Controlling the end-to-end assembly of gold nanorods to enhance the plasmonic response in near infrared

Abstract

In the current paper, we report an efficient approach to produce in a controllable manner electromagnetic hot-spots localized in linear assemblies of gold nanorods (AuNRs) that can be further exploited as highly active surface-enhanced Raman scattering (SERS) sites. The process of the AuNRs self-assembling was initiated in an aqueous solution at pH = 3.1 in the presence of L-cysteine (Cys) molecules and was monitored in real-time for minutes up to hours. The recorded sequential extinction spectra featuring a well-defined isosbestic point at 834 nm is consistent with the first-order like reaction between individual and end-to-end assembled AuNRs as final products. Moreover, the dynamic of the self-assembling process was examined by correlating the extinction spectra with the average number of AuNRs in the chains as provided from the transmission electron microscopy (TEM) pictures. Noteworthy, the average number of connected AuNRs can be fixed at any moment in solution, depending of the desired plasmonic response, by blocking the assembling process with a negative layer of poly (sodium-p-styrenesulfonate) (PSS) polyelectrolyte.
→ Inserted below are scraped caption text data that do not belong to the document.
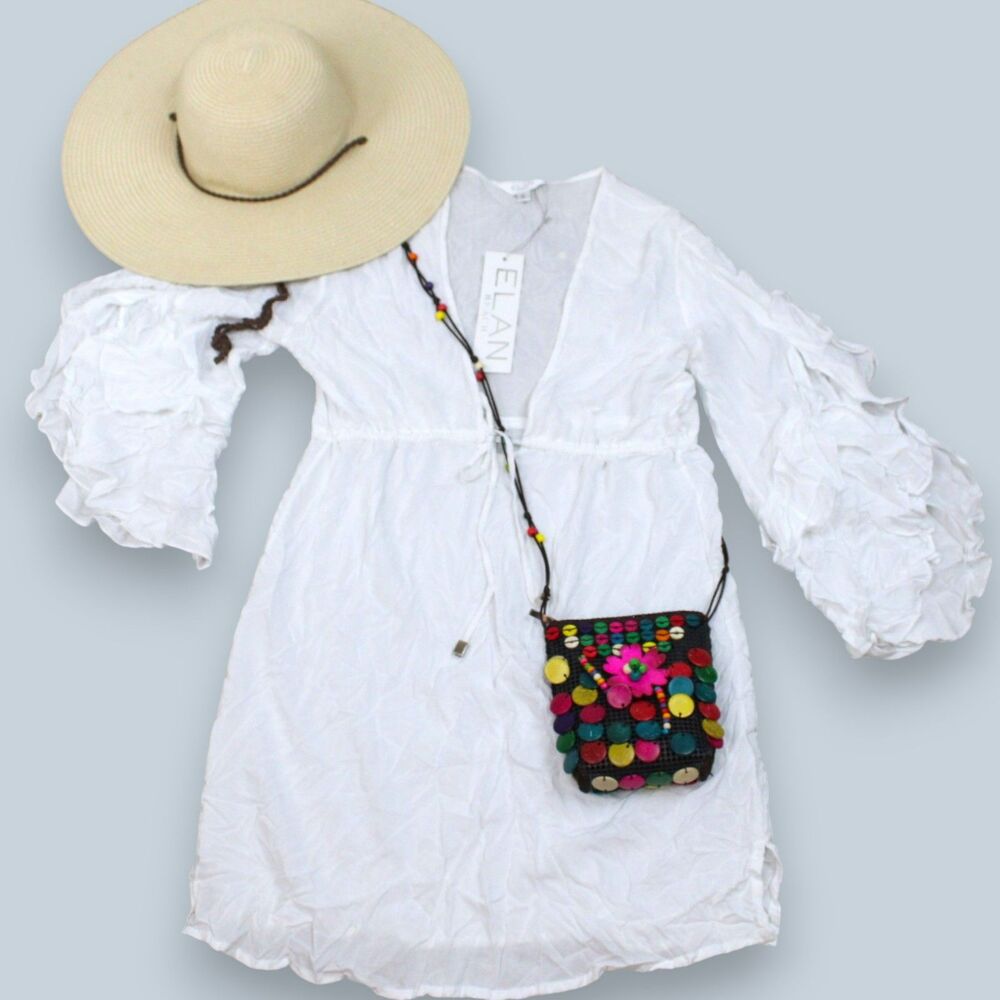 Elan NWT White Crinkle Beach Cover Up Tunic Dress Boho Resort Swim Cover Size S - Picture 2 of 8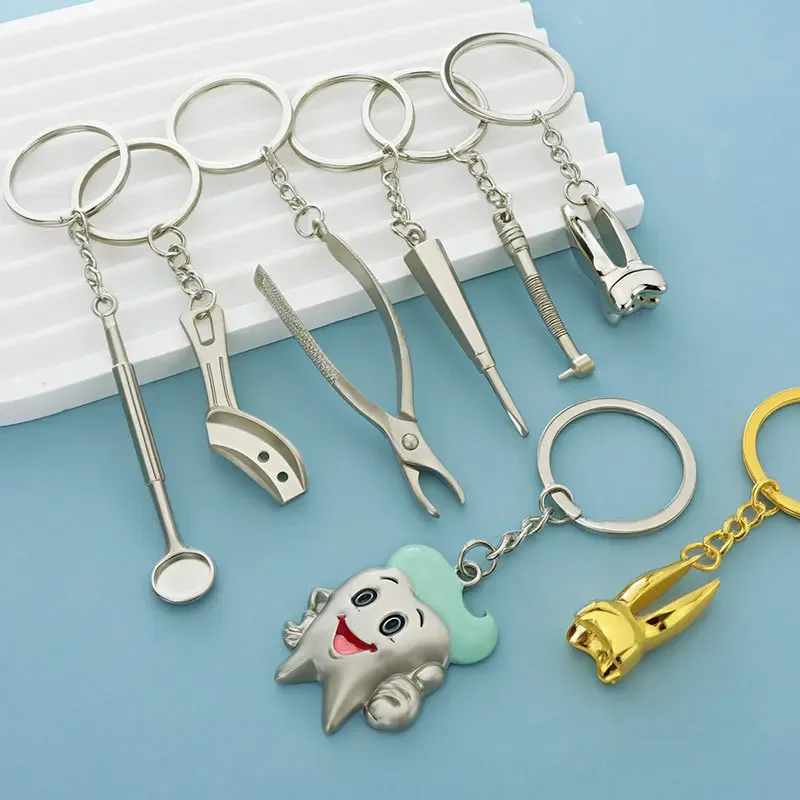 Llavero promocional de odontología con diseños de dientes simulados, accesorio para dentistas y entusiastas de la atención denta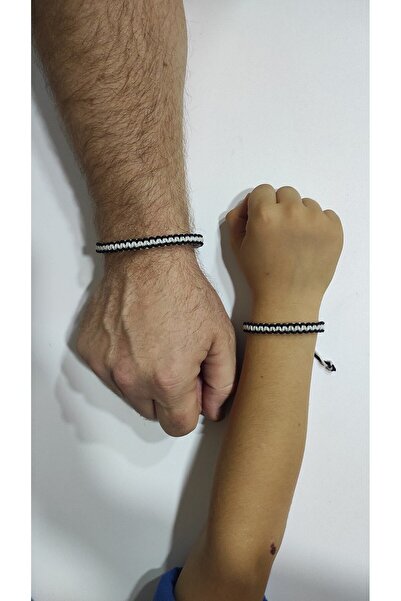 Aksesuar Taraftar Baba - Oğul Kombin Makrome Örgü Bileklik, Siyah, Beyaz Beşi...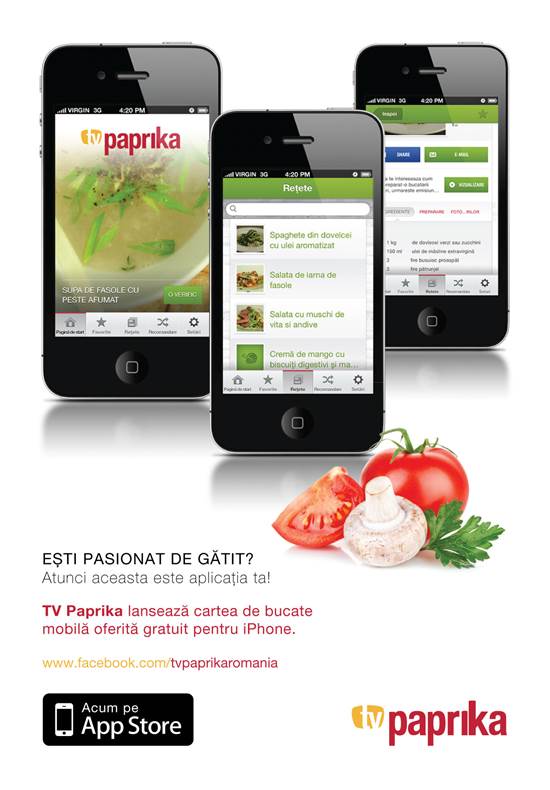 TV Paprika a lansat aplicatie de retete in AppStore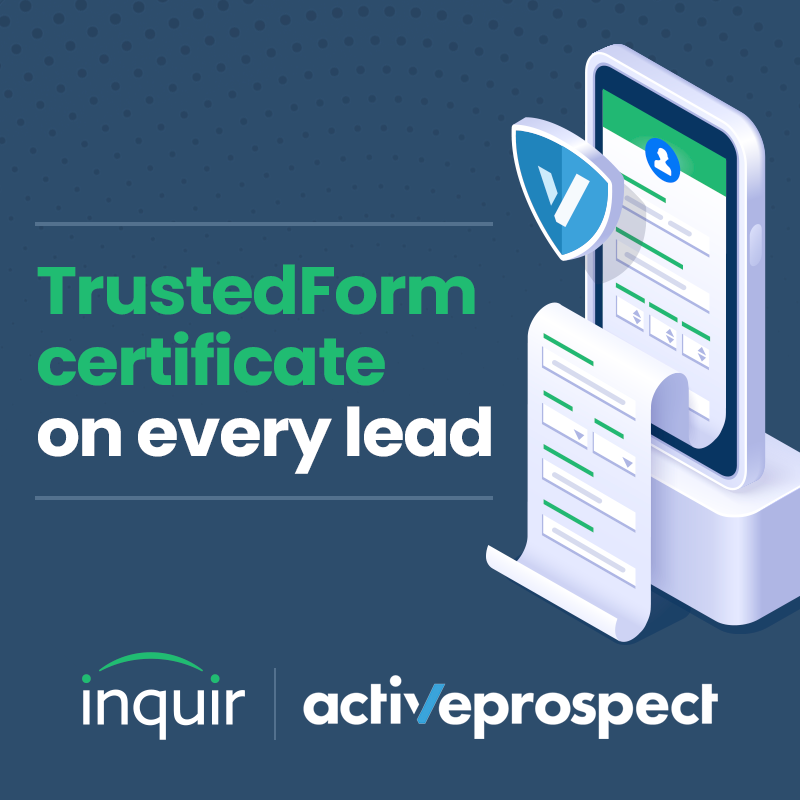 Inquir9's tweet photo. Inquir provides 100% of our leads with @activeprospect  TrustedForm. It provides an extra level of protection that opt-ins have been properly documented &amp; recorded for #TCPA compliance. https://t.co/fzH9ImrsIw #Inquir #ActiveProspect #TrustedForm #HomeServicesLeads #LeadGen https://t.co/dE0GpjhDqE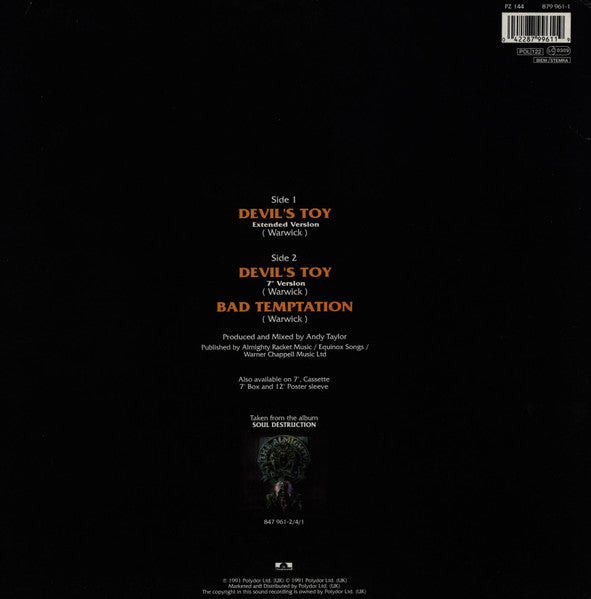 The Almighty : Devil's Toy (12", Single, Gat)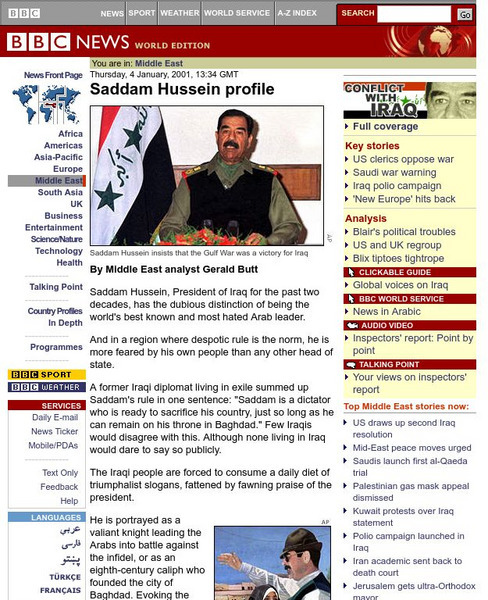 Bbc News: Saddam Hussein Profile Website Bbc News: Saddam Hussein Profile Website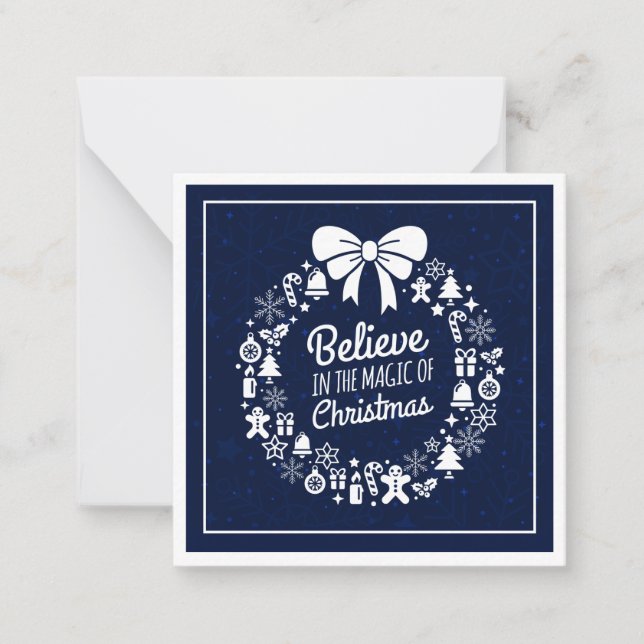 Believe In The Magic Of Christmas Personalized Note Card (Front)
The high electric field in the hot-spots in between the linked nanoparticles was proved by SERS experiments using as target analyte para-aminothiophenol (p-ATP) and conducted to clear the demonstration of a higher enhancement factor relative to the individual AuNRs. Finally, all experimental findings and, especially, the far and near-field optical properties of such fabricated plasmonic nanoassemblies were supported by finite-difference time-domain (FDTD) simulations.